After the business was taken care of, he brought out a burgundy velvet bag and gently handed it to me. I was surprised by the weight, it was heavy. I had questions. “We will want to spread his ashes, how can we open it?” After setting the bag on the table, he removed a black box with a white label on the lid that spelled out Nick’s full name. He showed me how to open it. I was glad to see it was a very tight fit, as my brain quickly indexed through several possible worst case scenarios. My next question: “How do we know those are his ashes?” He explained something about a foolproof identification system they use which involves keeping a metal tag inside with the ashes at all times.

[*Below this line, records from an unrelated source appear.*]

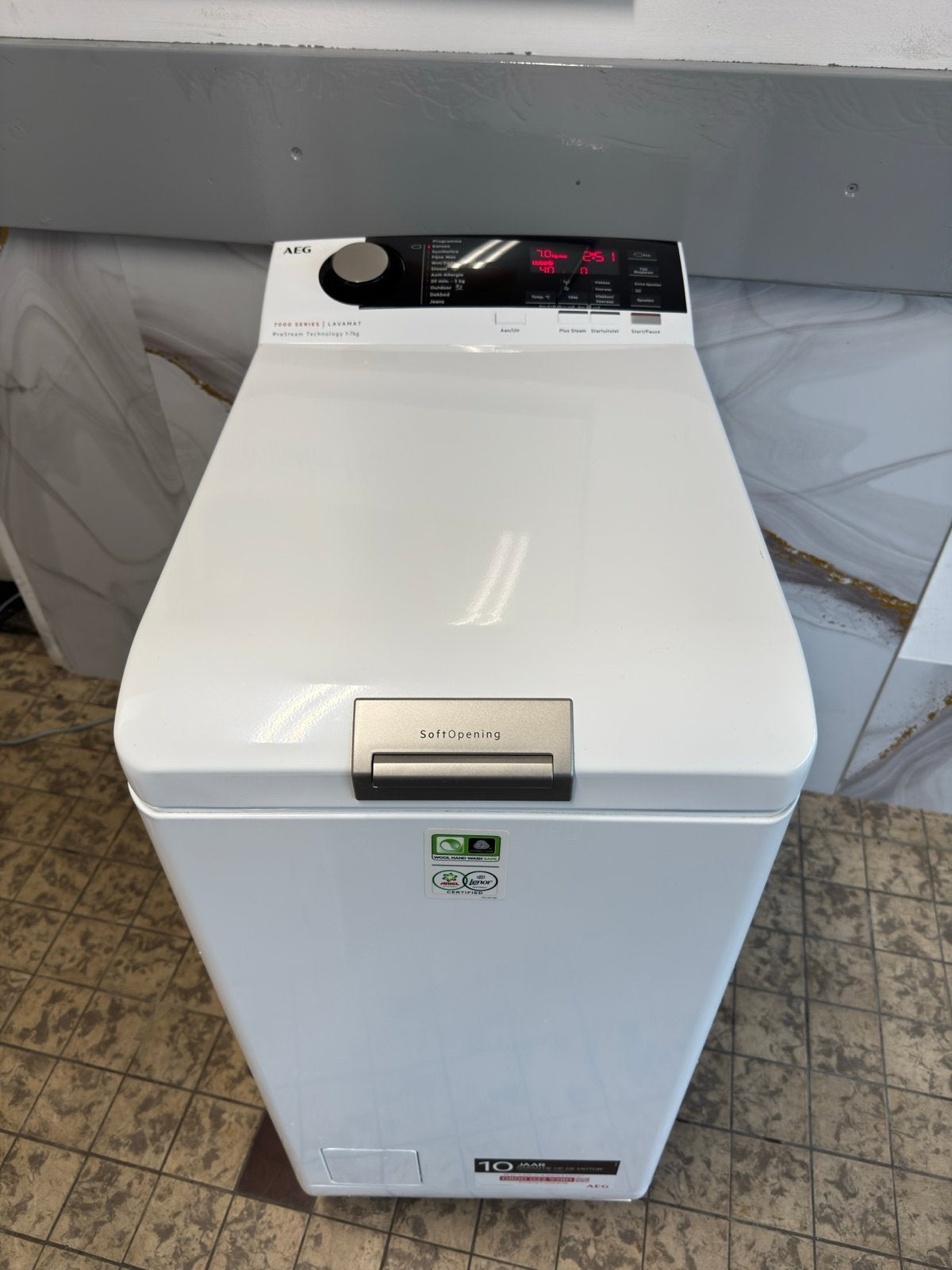 AEG Bovenlader Wasmachine 7000 serie, 7kg, A++, 40cm breed, 6 tot 8 kg, Gebruikt, Bovenlader, Ophalen of Verzenden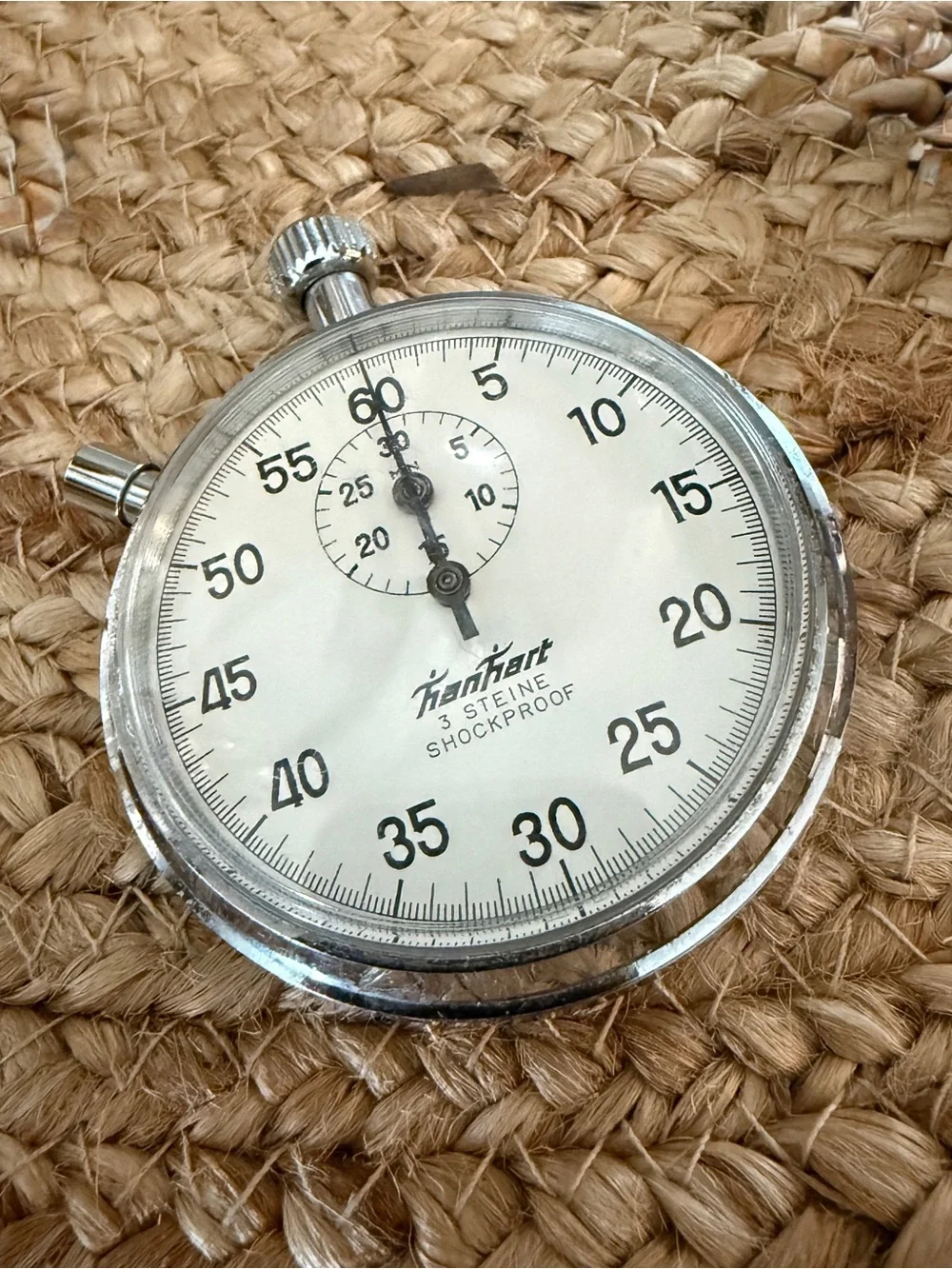 Vintage Hanhart Mechanical Stop Watch 55mm Manual Wind 1/5 Sec Germany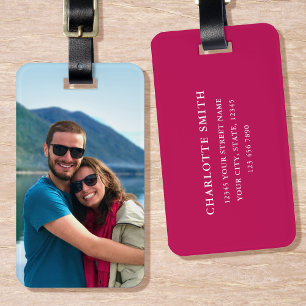 Etiqueta Para Maletas Foto personalizada Pink Deep Simple Moderno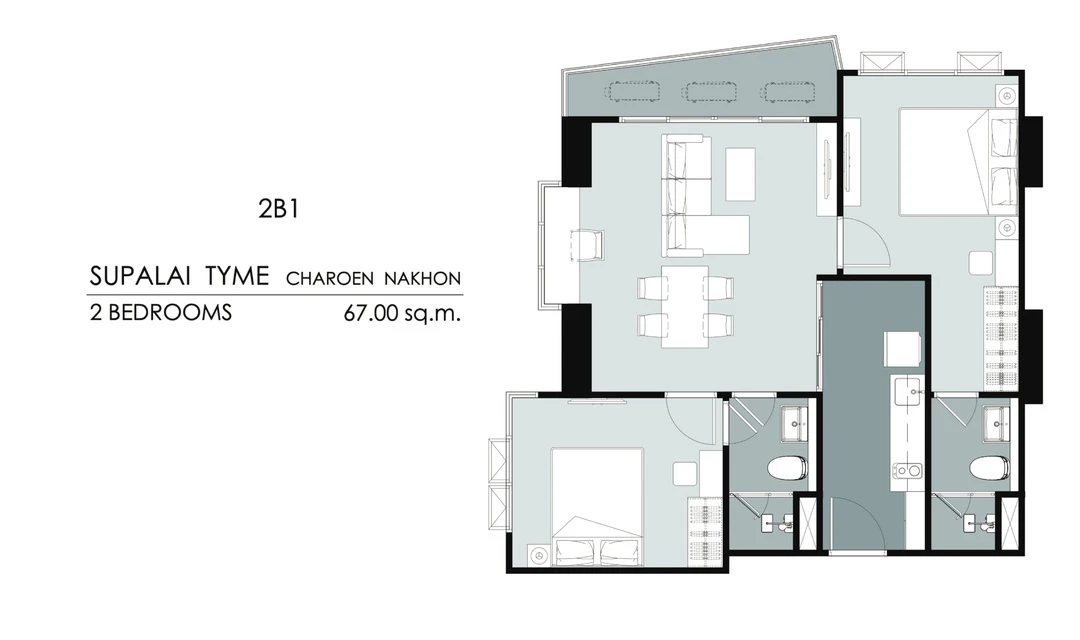 ภาพแปลนของ ศุภาลัย ธาม เจริญนคร : 2 Bedroom (2B1 67 ตรม) รูปที่ 1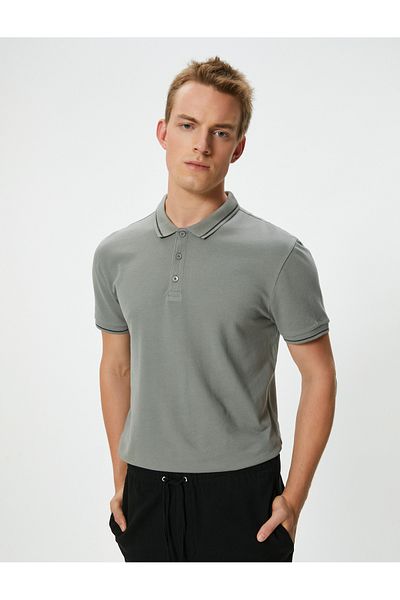 Koton Slim Fit Polo tričko s krátkým rukávem Bavlna s detailem proužků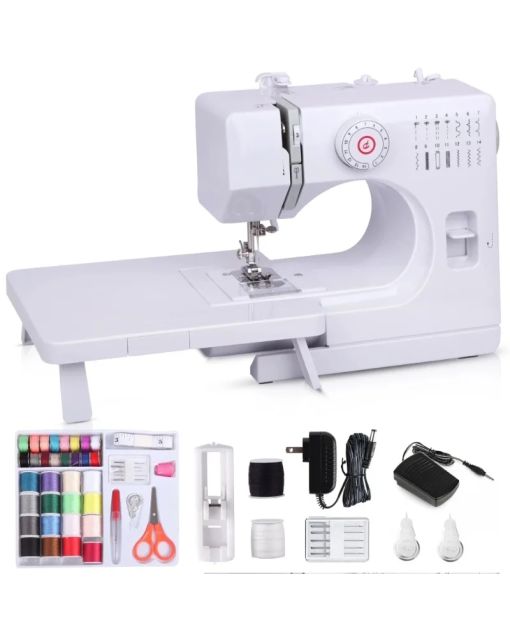 Sewing Machine with 14 Built-in Stitches - Portable Multifunctional Machine with Extension Table | Beginner Friendly Home Crafting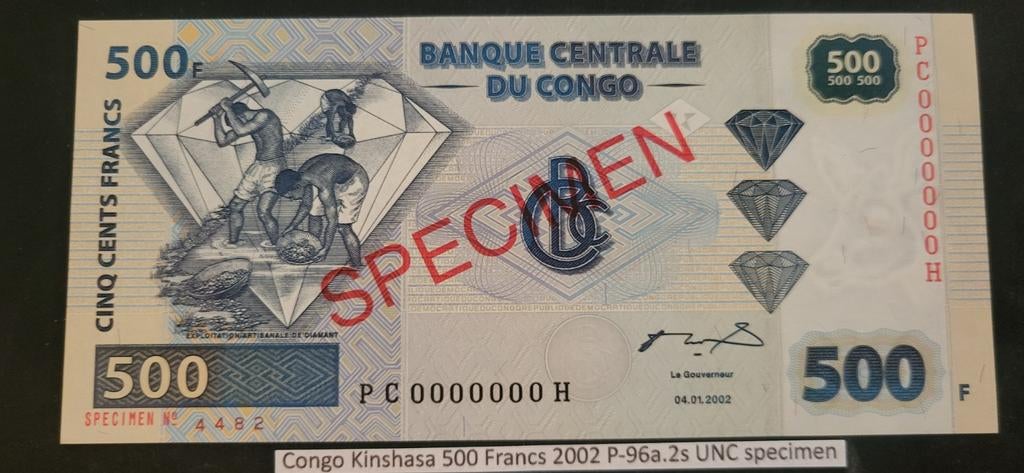 Congo Kinshasa 500 Francs 2002 P-96a.2s UNC Specimen, Postzegels en Munten, Bankbiljetten | Azië, Ophalen of Verzenden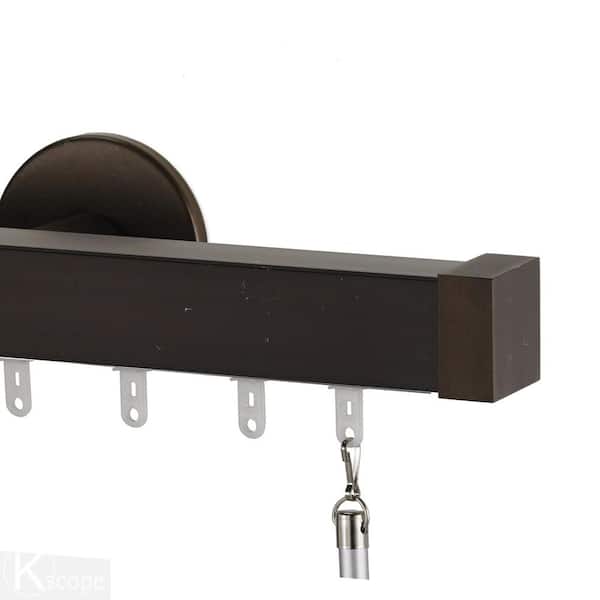 Nexgen Pro 120 in. Non-Adjustable Traverse Window Curtain Rod Set in Bronze with Endcap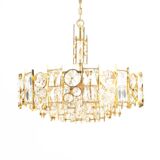 Exceptional 7-light chandelier - high-end Palwa - Gold-plated brass f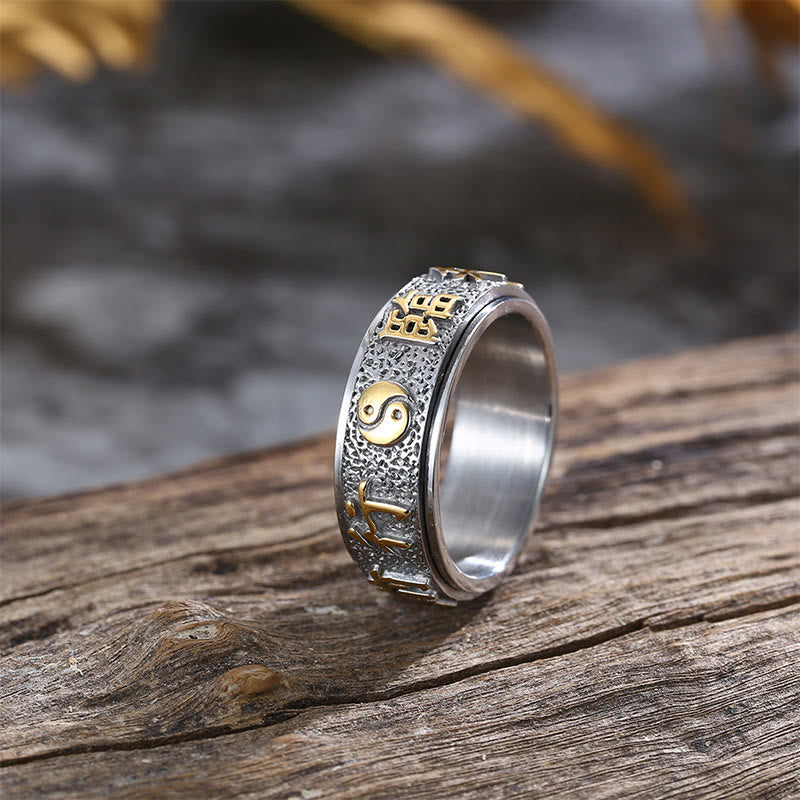 KarmaRipple's Tibetan The Nine-word Mantra Yin Yang Pattern Titanium Steel Spinner Balance Ring p1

The exchange was both surreal and commonplace. I was a little wobbly when I stood up. I don’t know whether he sensed that, or if it is protocol, but he offered to carry the bag to my car. When we got out there, I realized I was not prepared. There was no place special enough for my son’s ashes. Lulu was in her carrier on the passenger seat, and I briefly thought I could move her to the back and set the bag on the seat, but what if I had to make a sudden stop? I’d have to use the seat belt. I just couldn’t go there. I opted for the floor in front of the passenger seat, wrapping it in a purple tablecloth I happened to have in the car.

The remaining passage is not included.